All of the data must be retyped exactly, with nothing left out.

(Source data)
┏━━

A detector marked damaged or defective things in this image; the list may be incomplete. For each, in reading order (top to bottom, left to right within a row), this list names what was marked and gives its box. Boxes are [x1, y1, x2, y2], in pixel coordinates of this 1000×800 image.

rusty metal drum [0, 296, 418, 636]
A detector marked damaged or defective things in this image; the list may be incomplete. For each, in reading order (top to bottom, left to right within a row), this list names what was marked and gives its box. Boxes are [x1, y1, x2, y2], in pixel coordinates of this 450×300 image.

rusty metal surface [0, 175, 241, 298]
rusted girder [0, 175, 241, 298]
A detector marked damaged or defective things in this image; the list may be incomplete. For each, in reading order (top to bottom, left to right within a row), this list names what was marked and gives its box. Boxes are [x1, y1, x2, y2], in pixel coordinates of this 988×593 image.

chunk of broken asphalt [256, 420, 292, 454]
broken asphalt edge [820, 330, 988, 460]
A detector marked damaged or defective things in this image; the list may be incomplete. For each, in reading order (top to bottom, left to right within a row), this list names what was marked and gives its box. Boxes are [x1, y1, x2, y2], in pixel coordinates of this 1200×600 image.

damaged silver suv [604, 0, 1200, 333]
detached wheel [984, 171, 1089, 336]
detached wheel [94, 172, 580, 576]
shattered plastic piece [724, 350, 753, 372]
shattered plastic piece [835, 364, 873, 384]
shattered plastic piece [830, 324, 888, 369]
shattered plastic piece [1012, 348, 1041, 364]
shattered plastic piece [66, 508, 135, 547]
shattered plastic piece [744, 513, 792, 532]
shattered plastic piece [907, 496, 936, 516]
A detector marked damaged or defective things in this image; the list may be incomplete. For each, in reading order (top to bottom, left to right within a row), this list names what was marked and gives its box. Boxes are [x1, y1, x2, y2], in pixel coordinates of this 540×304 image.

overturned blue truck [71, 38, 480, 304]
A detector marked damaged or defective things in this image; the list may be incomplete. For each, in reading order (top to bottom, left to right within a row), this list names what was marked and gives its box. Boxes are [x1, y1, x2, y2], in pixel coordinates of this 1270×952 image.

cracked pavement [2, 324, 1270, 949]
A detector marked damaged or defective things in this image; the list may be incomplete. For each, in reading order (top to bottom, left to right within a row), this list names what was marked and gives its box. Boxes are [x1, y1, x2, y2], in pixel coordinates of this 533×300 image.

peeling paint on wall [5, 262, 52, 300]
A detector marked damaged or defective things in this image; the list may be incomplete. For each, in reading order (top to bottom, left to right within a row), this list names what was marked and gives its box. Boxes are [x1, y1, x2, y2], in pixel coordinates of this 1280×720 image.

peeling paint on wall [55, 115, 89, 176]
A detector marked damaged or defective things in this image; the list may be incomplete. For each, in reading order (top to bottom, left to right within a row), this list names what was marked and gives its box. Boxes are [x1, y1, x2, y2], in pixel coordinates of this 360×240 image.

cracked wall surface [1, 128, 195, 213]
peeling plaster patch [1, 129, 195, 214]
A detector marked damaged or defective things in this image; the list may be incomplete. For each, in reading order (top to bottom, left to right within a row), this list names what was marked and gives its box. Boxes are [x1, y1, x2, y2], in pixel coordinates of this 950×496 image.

┗━━

Solution below
A detector marked damaged or defective things in this image; the list may be incomplete. For each, in reading order (top to bottom, left to right within a row), this list names what was marked and gives its box. Boxes are [x1, y1, x2, y2], in pixel coordinates of this 1000×800 image.

rusty metal drum [0, 296, 418, 636]
A detector marked damaged or defective things in this image; the list may be incomplete. For each, in reading order (top to bottom, left to right within a row), this list names what was marked and gives its box. Boxes are [x1, y1, x2, y2], in pixel coordinates of this 450×300 image.

rusty metal surface [0, 175, 241, 298]
rusted girder [0, 175, 241, 298]
A detector marked damaged or defective things in this image; the list may be incomplete. For each, in reading order (top to bottom, left to right within a row), this list names what was marked and gives its box. Boxes are [x1, y1, x2, y2], in pixel coordinates of this 988×593 image.

chunk of broken asphalt [256, 420, 292, 454]
broken asphalt edge [820, 330, 988, 460]
A detector marked damaged or defective things in this image; the list may be incomplete. For each, in reading order (top to bottom, left to right within a row), this list names what was marked and gives its box. Boxes are [x1, y1, x2, y2], in pixel coordinates of this 1200×600 image.

damaged silver suv [604, 0, 1200, 333]
detached wheel [984, 171, 1089, 336]
detached wheel [94, 172, 580, 576]
shattered plastic piece [724, 350, 753, 372]
shattered plastic piece [835, 364, 873, 384]
shattered plastic piece [830, 324, 888, 369]
shattered plastic piece [1012, 348, 1041, 364]
shattered plastic piece [66, 508, 135, 547]
shattered plastic piece [744, 513, 792, 532]
shattered plastic piece [907, 496, 936, 516]
A detector marked damaged or defective things in this image; the list may be incomplete. For each, in reading order (top to bottom, left to right within a row), this list names what was marked and gives its box. Boxes are [x1, y1, x2, y2], in pixel coordinates of this 540×304 image.

overturned blue truck [71, 38, 480, 304]
A detector marked damaged or defective things in this image; the list may be incomplete. For each, in reading order (top to bottom, left to right within a row), this list names what was marked and gives its box. Boxes are [x1, y1, x2, y2], in pixel coordinates of this 1270×952 image.

cracked pavement [2, 324, 1270, 949]
A detector marked damaged or defective things in this image; the list may be incomplete. For each, in reading order (top to bottom, left to right within a row), this list names what was marked and gives its box. Boxes are [x1, y1, x2, y2], in pixel coordinates of this 533×300 image.

peeling paint on wall [5, 262, 52, 300]
A detector marked damaged or defective things in this image; the list may be incomplete. For each, in reading order (top to bottom, left to right within a row), this list names what was marked and gives its box. Boxes are [x1, y1, x2, y2], in pixel coordinates of this 1280×720 image.

peeling paint on wall [55, 115, 89, 176]
A detector marked damaged or defective things in this image; the list may be incomplete. For each, in reading order (top to bottom, left to right within a row), this list names what was marked and gives its box. Boxes are [x1, y1, x2, y2], in pixel coordinates of this 360×240 image.

cracked wall surface [1, 128, 195, 213]
peeling plaster patch [1, 129, 195, 214]
A detector marked damaged or defective things in this image; the list may be incomplete. For each, in reading order (top to bottom, left to right within a row), this list names what was marked and gives its box. Boxes are [x1, y1, x2, y2], in pixel coordinates of this 950×496 image.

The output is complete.